RepositoryMan: February 2010

Thursday, 18 February 2010

Repository Benefits (again)

A well-respected colleague (who shall remain nameless) recently posted a Tweet which likened "repositories with end-user benefits" to "pigs with wings". Shome mishtake, shurely?

As part of my job I am course co-ordinator for the MSc in Web Science here at Southampton. Last week I ran an Industrial Liaison day for the course, at which the students made poster presentations of their work to the industry representatives. It was a fantastic time, and the attendees all commented on how stimulated they had been by the posters. Consequently, the secretary who had printed out all the posters was able to give me a ZIP file which I then uploaded to our teaching repository. (See http://www.edshare.soton.ac.uk/4790/.) Now I have a record of a key part of the event that I can share with the industrial delegates. It was quicker than me creating a bespoke website, or uploading them to my home page. Plus I can use it as a marketing and publicity resource for attracting other students. And the students are happy because they have learned that their contributions aren't just "marking fodder", but they have valuable statements to make to a public audience. Win, win, win.

Not so much pigs with wings as pigs with snouts: you have to sniff out the opportunities. Or even carpe suem!

Friday, 12 February 2010

How Repositories Can Contribute Linked Data

I've been working a lot with our repository and Linked Data teams (thanks to Hugh Glaser, Nick Gibbins and Iain Millard) on the JISC dotAC project. One of the great things about that project has been the opportunity to really get our heads around the role of repositories in the Semantic Web and the Linked data world. Now that the project has finished, I've finally had the opportunity to sit down with Chris Gutteridge and braindump our understanding so far. The following is a description of how EPrints (v3.2 beta) exports its holdings as Linked Data. It all comes down to how it uses and resolves URIs. (Like it says at the bottom of this posting, please send us comments!)
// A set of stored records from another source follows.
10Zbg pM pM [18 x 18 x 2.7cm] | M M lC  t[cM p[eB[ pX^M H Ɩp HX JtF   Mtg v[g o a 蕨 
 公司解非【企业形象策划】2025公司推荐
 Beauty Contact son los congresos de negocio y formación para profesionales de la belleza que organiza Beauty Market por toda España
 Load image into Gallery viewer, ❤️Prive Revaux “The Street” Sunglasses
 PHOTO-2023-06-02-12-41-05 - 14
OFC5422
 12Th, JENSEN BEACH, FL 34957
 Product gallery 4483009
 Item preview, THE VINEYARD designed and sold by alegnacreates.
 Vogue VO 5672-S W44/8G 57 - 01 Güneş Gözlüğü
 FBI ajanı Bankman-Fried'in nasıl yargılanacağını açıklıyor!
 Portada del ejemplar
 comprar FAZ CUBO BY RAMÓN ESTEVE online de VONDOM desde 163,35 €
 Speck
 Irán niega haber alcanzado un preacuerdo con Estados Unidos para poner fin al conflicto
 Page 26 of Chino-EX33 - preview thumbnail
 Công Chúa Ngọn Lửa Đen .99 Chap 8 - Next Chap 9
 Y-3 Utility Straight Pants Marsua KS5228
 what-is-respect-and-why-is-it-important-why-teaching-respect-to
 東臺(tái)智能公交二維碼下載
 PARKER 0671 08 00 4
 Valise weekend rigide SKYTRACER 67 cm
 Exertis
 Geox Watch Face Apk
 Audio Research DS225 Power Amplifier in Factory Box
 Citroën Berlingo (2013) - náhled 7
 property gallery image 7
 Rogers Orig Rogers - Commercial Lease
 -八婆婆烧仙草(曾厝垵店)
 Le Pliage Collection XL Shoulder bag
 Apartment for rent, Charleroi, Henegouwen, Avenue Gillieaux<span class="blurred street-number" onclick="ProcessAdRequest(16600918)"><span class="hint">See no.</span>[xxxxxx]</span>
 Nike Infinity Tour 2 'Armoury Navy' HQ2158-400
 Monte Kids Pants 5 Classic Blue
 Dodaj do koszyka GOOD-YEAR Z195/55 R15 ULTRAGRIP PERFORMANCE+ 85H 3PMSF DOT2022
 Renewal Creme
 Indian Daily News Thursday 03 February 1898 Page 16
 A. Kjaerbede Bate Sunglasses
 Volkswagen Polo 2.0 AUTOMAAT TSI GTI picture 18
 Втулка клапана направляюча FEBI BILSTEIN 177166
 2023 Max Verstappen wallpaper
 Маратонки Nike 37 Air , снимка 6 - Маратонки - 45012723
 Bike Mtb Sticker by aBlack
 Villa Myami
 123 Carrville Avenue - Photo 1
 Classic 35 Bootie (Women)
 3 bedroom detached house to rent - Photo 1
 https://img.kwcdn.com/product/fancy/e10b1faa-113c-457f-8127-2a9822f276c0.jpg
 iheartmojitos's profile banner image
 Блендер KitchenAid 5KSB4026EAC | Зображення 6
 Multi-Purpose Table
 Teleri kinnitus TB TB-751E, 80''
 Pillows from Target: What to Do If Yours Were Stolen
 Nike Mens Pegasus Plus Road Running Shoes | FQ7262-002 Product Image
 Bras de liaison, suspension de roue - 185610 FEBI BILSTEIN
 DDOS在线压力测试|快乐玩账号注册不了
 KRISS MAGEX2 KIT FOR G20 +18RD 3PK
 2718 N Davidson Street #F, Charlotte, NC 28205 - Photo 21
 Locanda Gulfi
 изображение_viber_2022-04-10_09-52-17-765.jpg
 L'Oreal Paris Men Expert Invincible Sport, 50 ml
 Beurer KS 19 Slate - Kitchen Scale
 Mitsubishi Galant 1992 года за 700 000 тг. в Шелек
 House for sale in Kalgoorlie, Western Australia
We ASSIGN a URI to all the significant entities that the repository owns: specifically, eprint, document, file, user, and "subject taxonomy" objects.

These URIs will generally be of the form http://repository.com/id/type/id where type is eprint, document etc and idis unique within the scope of the repository.
The official URI of an eprint is of the form http://repository.com/id/eprint/id whereas the official URL of an eprint is of the form http://repository.com/id . The latter has historically been the URL of the eprint's abstract or splash page.
Where possible, resolving a URI will result in a "303 See Also" redirection to the URL of the most appropriate format export, based on content negotiation of available exporters (disseminators).
However, if text/html is deemed most appropriate for an eprint, it is redirected to the standard URL of the abstract page.
For a sub-object (e.g. documents and files of an eprint) the URI is redirected to the ancestor object.
Similarly, subjects redirect to the top-level subject.
Eprint and document objects have special "relationships" fields which allow arbitrary predicates/objects to be attached to the document/eprint.
Documents of format text/n3 and application/rdf+xml (which like all documents have their own URLs inside the repository) are linked to the parent eprint via an rdfs:seeAlso statement. This allows arbitrary triples to be associated with any eprint, irrespective of the repository schema.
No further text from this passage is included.